亦钧伸出两个手指比着和顾白徵一样的手势问道:“这是什么意思?”
他比一个二放在顾白徵面前摇一摇。
顾白徵看他肿起来的脸,配上无辜的眼睛,感觉有点不忍。
顾白徵说:“这个是我们两个人的意思!”
“哦哦哦。”亦钧看看自己的两个手指,然后在自己和顾白徵之间比划道,“那我们两个。”他把两个手指晃晃说,“我们两个是好朋友哦。”
顾白徵敷衍的说:“嗯,我们两个是好朋友。
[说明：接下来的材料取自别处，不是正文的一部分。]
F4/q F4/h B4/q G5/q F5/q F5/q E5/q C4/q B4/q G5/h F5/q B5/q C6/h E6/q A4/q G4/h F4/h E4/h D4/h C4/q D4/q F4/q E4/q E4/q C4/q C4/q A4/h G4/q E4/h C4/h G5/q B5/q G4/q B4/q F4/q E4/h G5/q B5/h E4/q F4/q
”她心里有点苦,才想着在皇宫里没有朋友,这个送上门的有病的王爷却说他们两个是好朋友。
王爷,唔,王爷要是不犯病发神经的时候,顾白徵觉得,算得上是皇宫里的一朵小白莲了。
于是王爷拉着顾白徵说道:“你喜欢画画么?我带你去看我的画好么?你喜欢光先生么?”
顾白徵不知道光先生是谁,于是摇摇头。
“哎哎哎?”亦钧之前的病症似乎全部消下去了,这下又是那个好骗天真的白莲花了,他说,“光先生可厉害了呢,我收了好多他的画呢,我带你去看,我带你去看。”
然后就拽着顾白徵跑得更快了。
顾白徵甩甩手,甩不脱,然后她说:“别急啊,我们不赶时间,小心摔着。”
“哦。”前面的大男孩便放慢脚步,嘴巴上的话却没有停:“光先生画的花鸟可好看了,我上次费了好大的劲才收到的一幅花鸟图,藏得好好地,别人我都不让看的。”
终于,他们停在了一座阁楼前,四层楼。重兵把守,重重大锁。亦钧拽着顾白徵一挥手。
然后重兵退下,顺带把锁也打开了。